If there is one area that you really ought to look at as an excellent property investment, it is Cape Town’s Century City, says Helga Clemo, Seeff’s licensee for the area. The area offers a fabulous mix of property, many in a waterfront location, top class security and many complexes offer its own amenities such as a pool, gym or spa and access to the canals for water sport.
You can literally walk to the shops, gym, church and work, and Century City must rank as the top mixed-use neighbourhood in the country, says Ms Clemo who has operated here for 13 years. It is modern with top class architecture and plenty of greenery, and Century City is an excellent alternative to the busy CBD and Waterfront, she says further.
Despite a slower market, property values have continued trending upwards with sellers still able to turn a good profit. The average apartment price is up by about 10% over the last two years and now stands at around R2,52 million.
Although not a target for first-time buyers given the higher entry price level, the area attracts a lot of young people with around 36% being Millennials, and also caters for professionals, families and retirees.
More than half of the 250ha suburb is occupied by canals, nature reserves and commercial properties. It is very green with lots of palm trees, green belt areas and spectacular views of Table Mountain. You are central to everything with immediate access to major arterials including the N1 and easy access to the airport.

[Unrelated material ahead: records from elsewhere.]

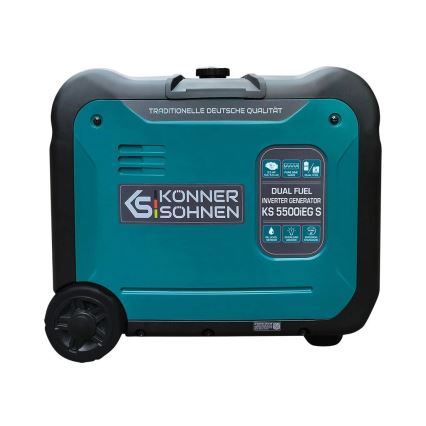 Könner & Söhnen 13046 - Generador inverter de gas y gasolina KS 5500iEG S 5500W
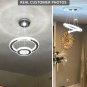 Modern 2 Ring Crystal Chandelier LED Pendant Lighting Chrome Chandeliers Flush M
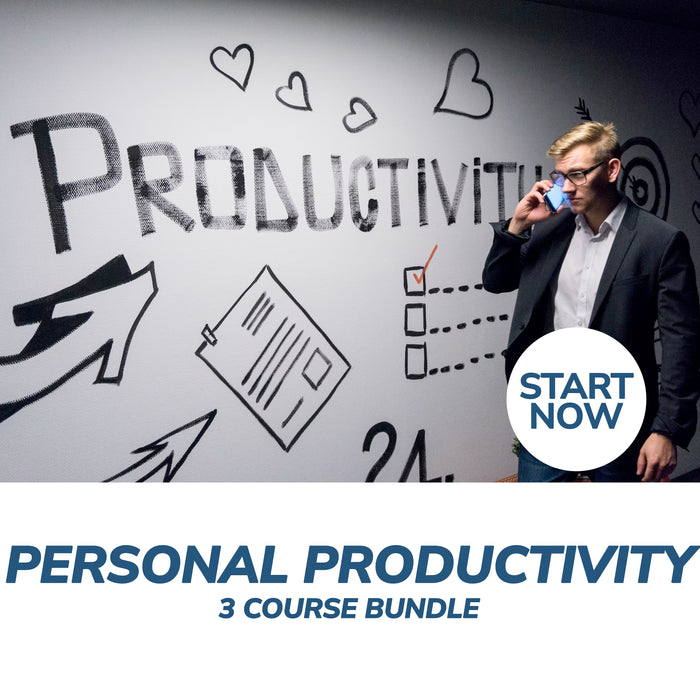 Personal Productivity Online Bundle, 3 Certificate Courses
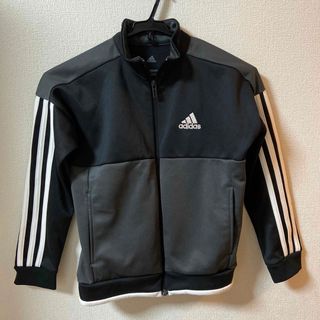 アディダス(adidas)のadidas130ジャージ上　黒　美品(ジャケット/上着)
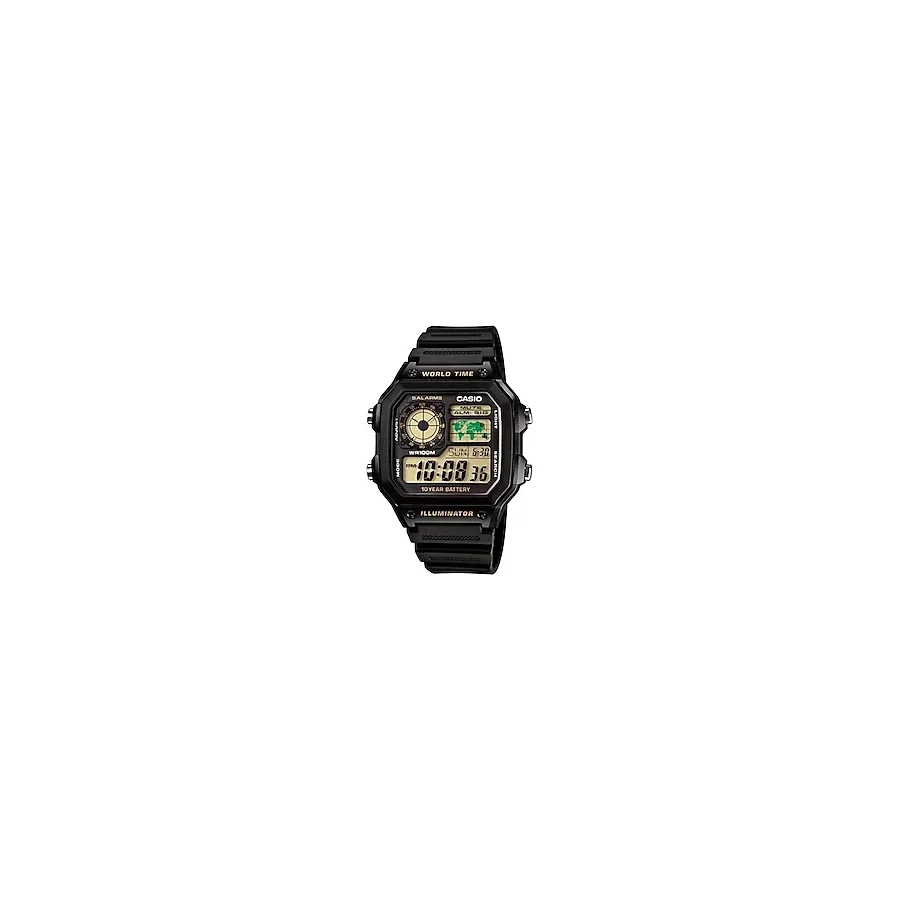 Casio Standart AE-1200WH-1BVDF Siyah Silikon Kordon Erkek Kol Saati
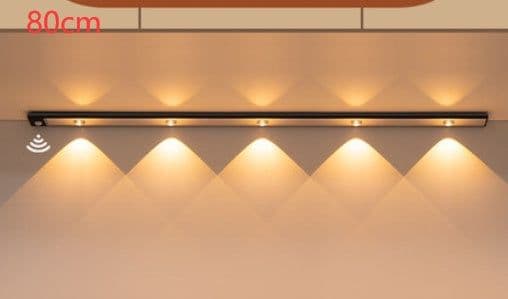 image-LED Wireless Self-adhesive Inductive Charging Shoe Cabinet Cabinet Light Strip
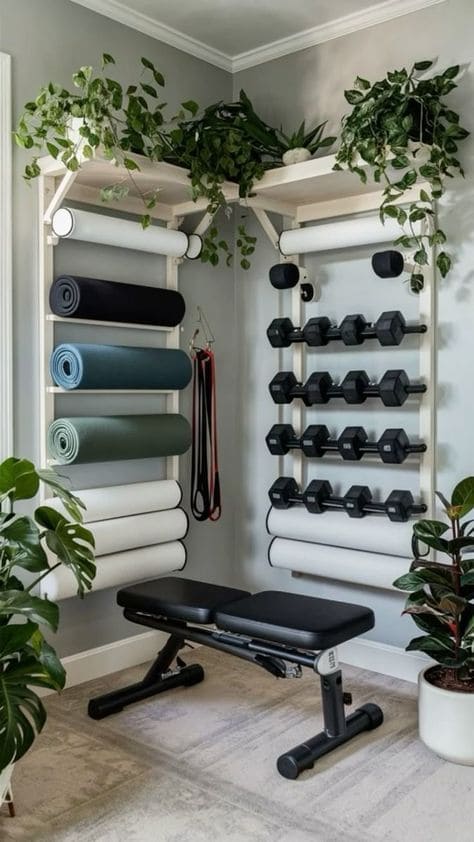 Vertical Zen Gym Corner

On your doorstep, you will find the Canal Walk Shopping Centre, Intaka Island Nature Reserve, kilometres of canals for various water sports, a Central Park which hosts events such as the Day Market, Night Market, Full Moon Hike, touch rugby and at times, the Galileo Open Air Cinema.
Recent expansion has added new offices and apartments, retirement units, a hotel and convention facilities, and Ms Clemo says that Century City has become a sought-after address for businesses, hotels and residents alike.
Adrian Louw, sales and rentals manager for Seeff says that over R1,1 billion in real estate has changed hands over the last three years, excluding new developments and the retirement sales.
85% of sales are sectional title with the R1.8m-R2.4m price band the most in-demand. There is limited stock below R1.8m, generally only studios or small one-bedroomed apartments, says Mr Louw. Bucking the general trend, the upper end price band above R2.4m continues to trade well, provided the property is correctly priced.
In the full title sector, the R3.5m-R3.8m range is the “go-to” price point, but the upper end above R3.8m continues to attract demand. Anything below R3m is snapped up almost as soon as it comes onto the market due to scarcity.
Stock levels are robust with around 260 sales and 220 rental listings spread across all property types and price brackets, and there is a level of overpricing, hence deals are only concluded for market-related priced properties, says Mr Louw. Suspensive conditions, especially relating to the sale of the purchaser’s property, is also causing a delay in transfers and affecting the pace of sales.
Aside from a keen demand in sales, there is excellent activity in the rental market with rentals concluded at upwards of R11,000/month for a studio unit to R12,000-R14,000/month for a two-bedroomed apartment depending on the complex. Top end properties now rent out at around R18,000-R28,000/month, he says.
As traffic and prices rise in the CBD area, Ms Clemo expects more people to head to Century City as an alternative. The limited land space, ideal location and quality developments make it a top investment choice, and with so much good stock on offer right now, it is an excellent time to buy, but she recommends that buyers make offers and allow agents to negotiate the best price. If they are not sure what to offer, ask your agent what a good starting offer would be.